Ditengah pembahasan mengenai penggunanaan diafragma dan speed yang tepat, Sam menyentuh lenganku dengan  sikutnya. Aku tahu, itu adalah aba-aba ia ingin bicara sesuatu.
             
“Apa?” aku menoleh.
             
“Lo kenapa, Mon?” jawabnya tanpa melihatku. Pandangannya tetap tertuju pada papan tulis.
             
“Hah? Apanya yang kenapa?”
             
“Daritadi lo diem ajah, bro.” Nadanya ramah. Dia menoleh padaku.
             
“Oh. Kedinginan gue Sam,” aku tertawa. “Tadi gue sempet kehujanan terus sekarang AC-nya mantap banget nih! Hehe.” Ujarku panjang lebar.
             
“Oh karena itu. Gue kira kenapa. Mau pakai jaket gue?” dia menunjukkan jaketnya yang sedang dipakainya.
             
“Hah? Eh?” aku menjawab seadanya. Kaget.

“Nih.” Sam mulai melepaskan jaket dari lengannya. Saat ia hendak melepaskan jaket itu dari lengannya yang lain, aku mencegah. 

Sebenarnya aku tidak benar-benar menolak pemberiannya. Siapa sih manusia di dunia ini yang menolak sesuatu yang sangat berguna bagi dirinya? Hanya saja, aku takut. Takut jikalau menerima pemberiannya, nanti makhluk diruangan ini akan meledek bahwa kami pacaran. Aku tidak suka diledek. Aku lemah saat berada diposisi itu. Hanya bisa tersenyum memperlihatkan deretan gigi. Aku bahkan tidak bisa tidak mengeluarkan ekspresi sekeras apapun usahaku. Tindakan itulah yang membuat orang punya persepsi yang salah. Entahlah, itu urusan mereka di dunia mereka.

Guru-guru ditempat kursus ini juga sering menggoda aku dan Sam. Karena aku satu-satunya orang yang tahu kenapa cowok itu tidak hadir. Padahal alasan yang sebenarnya mengapa aku tahu adalah karena kami satu sekolah. Kami sering bertemu. Namun menurutku, Sam tak mengindahkan mereka yang terus menggoda. Kalau Sam bisa tak mengacuhkannya, mengapa aku tidak? Ya ampun, ada apa denganku?!
             
“Eh! Nggak usah, Sam. Sumpah deh nggak usah,” aku melepaskan genggaman tanganku di pergelangan tangan cowok yang disampingku. “I will survive, kok.” Jawabku meyakinkan.
             
“Oh yaudah.” Jawabnya seadanya.
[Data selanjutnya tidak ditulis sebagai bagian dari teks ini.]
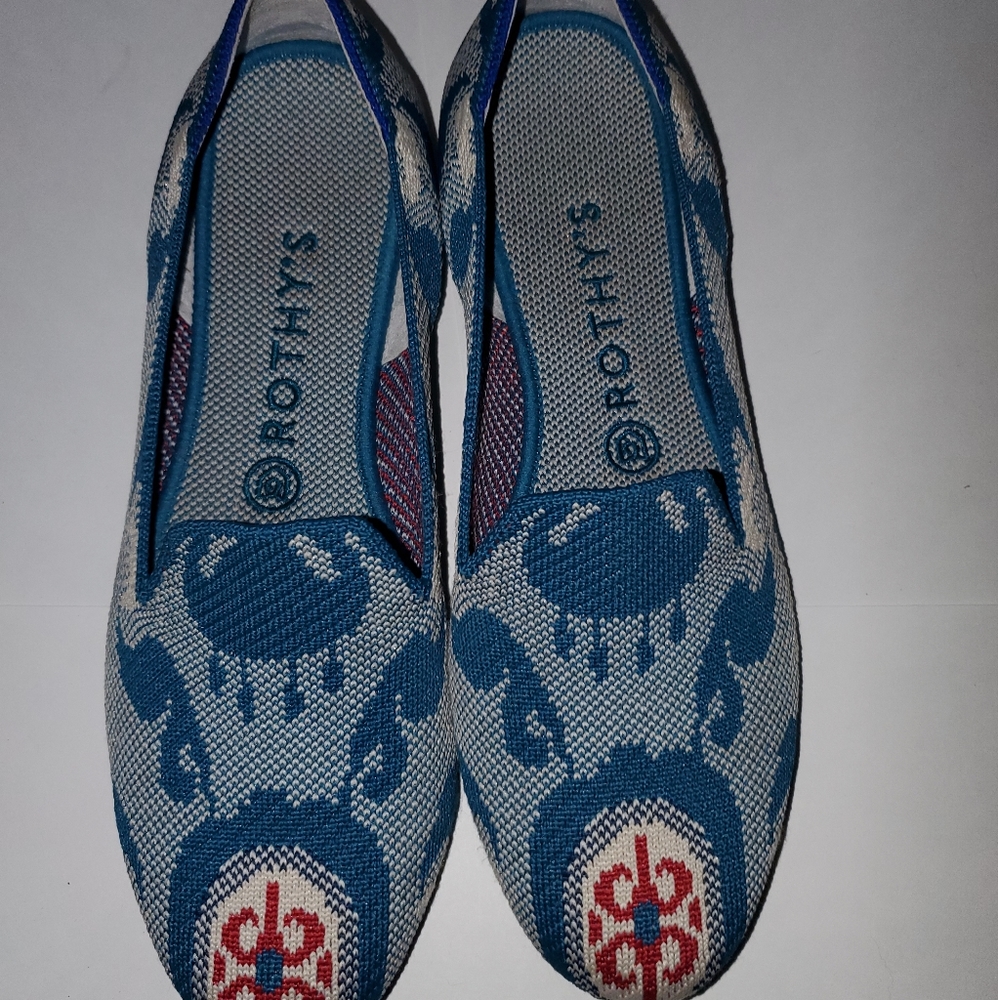 Rothys Retired Moroccan Teal Loafer Style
Mungkin kecewa karena sikapku, mungkin juga tidak.
***

Tahun pertama di sekolah membuatku ingin sekali membenturkan kepala ini pada dinding kamar. Tugas yang menumpuk menjadi faktor utama kadar stressku meningkat. Bagaikan ultimatum, guru mengeluarkan kumpulan tugas dari mulutnya tanpa rasa bersalah.
             
Jarum panjang jam sudah kearah angka sebelas. Tepatnya, jam sebelas malam. Seharusnya, jam-jam seperti ini aku sudah terbaring nyaman di tempat tidur dan sedang menikmati indahnya euforia bunga tidur serta menganggumi cantiknya bunga-bunga di padang Kashmir. Untuk kali ini, aku relakan angan-angan itu. Aku relakan hanya untuk menyelesaikan makalah walau dengan setengah hati.           
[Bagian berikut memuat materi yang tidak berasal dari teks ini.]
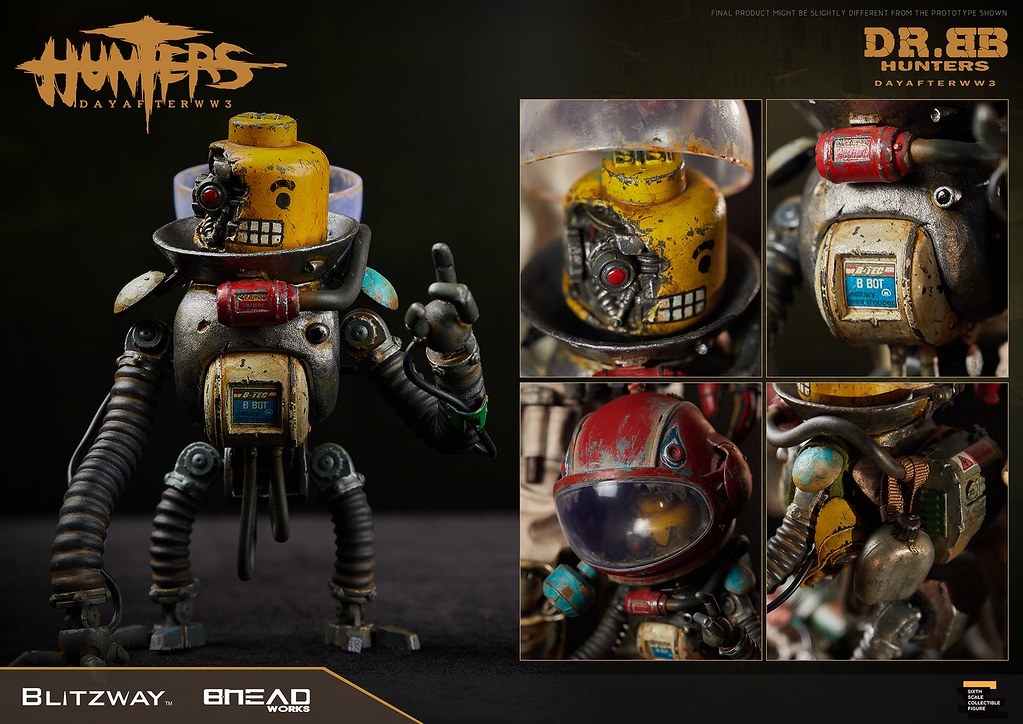 揮舞巨斧、喚醒機器人的少女！ Blitzway《獵人：第三大戰日後》BB博士 (HUNTERS : Day After WWlll – Dr.BB) 1/6 比例人偶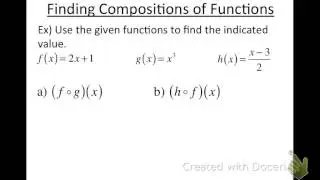Compositions of Functions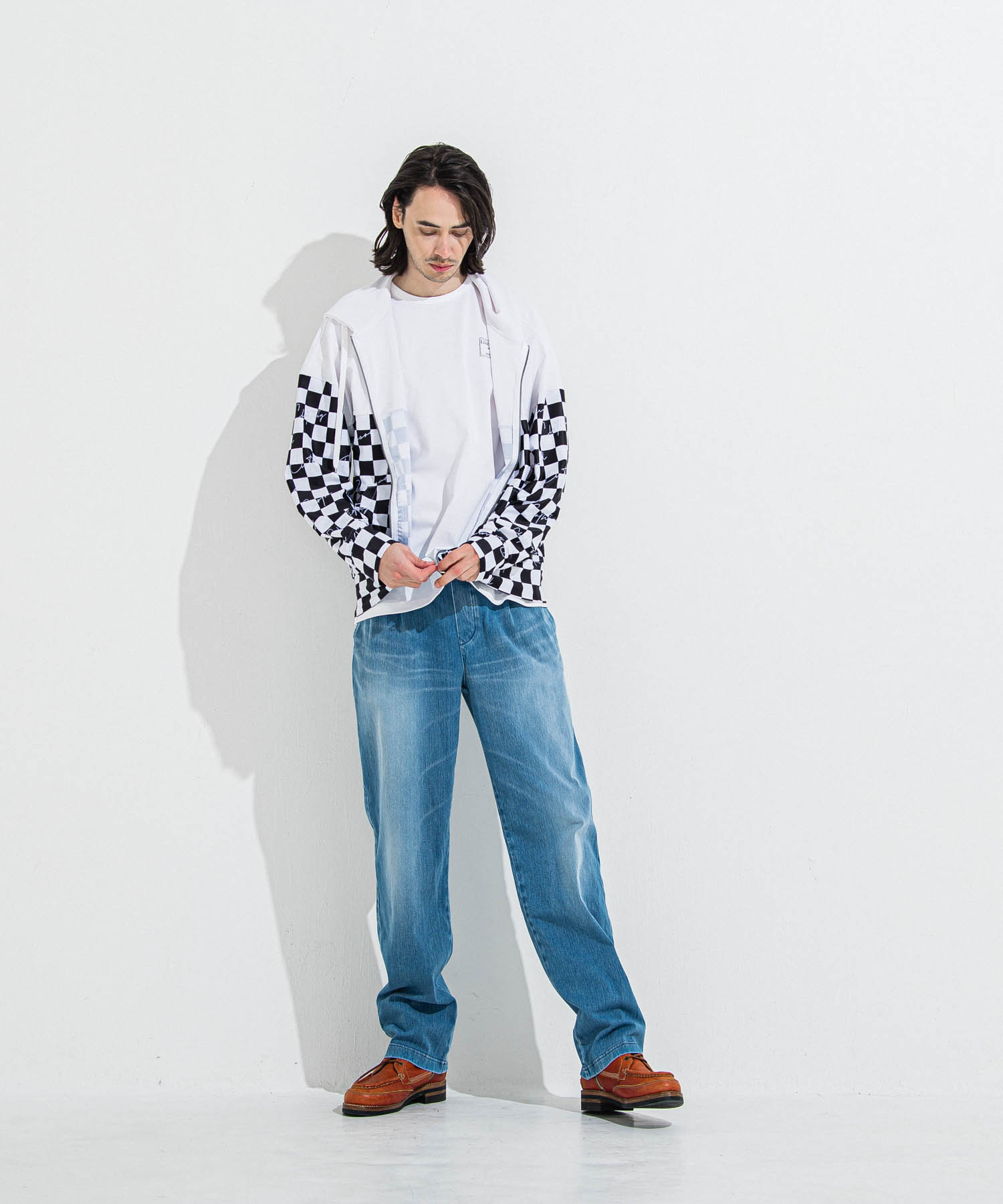 DENIM JERSEY WIDE PT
Saat sedang mengetik, tiba-tiba kotak chatting terbuka. Ada seseorang mengirim pesan untukku. Aku baru sadar bahwa sejak tadi status kontakku dijejaring sosial itu adalah online. Di kotak pesan itu tertera nama Sam. Ya, aku tak salah baca. Akhir-akhir ini kami memang lebih sering chatting daripada mengirim pesan singkat. Hemat pulsa, katanya.
           
Samuel : mon, kok belum tidur jam segini?
Mona : iya nih sam. Lagi ngerjain tugas pak jo.
Yg makalah itu lhoooo.
Ga kelar2 nih hehe
Samuel : oh yang itu.
Diterusin besok aje kali mon.
Sekarang lu tidur ajah
Mona : nanggung ah sam. Besok mau gue kumpulin
Samuel : mending lu tidur. Nanti mata lu berair lho
Mona : ha? Kok berair?
Samuel : iya. Kan mata lu kecapean. Jadinya berair mon.
gamau kan? Tidur ya?
Mona : iya deh sam. Gue duluan ya tidurnya. Bye..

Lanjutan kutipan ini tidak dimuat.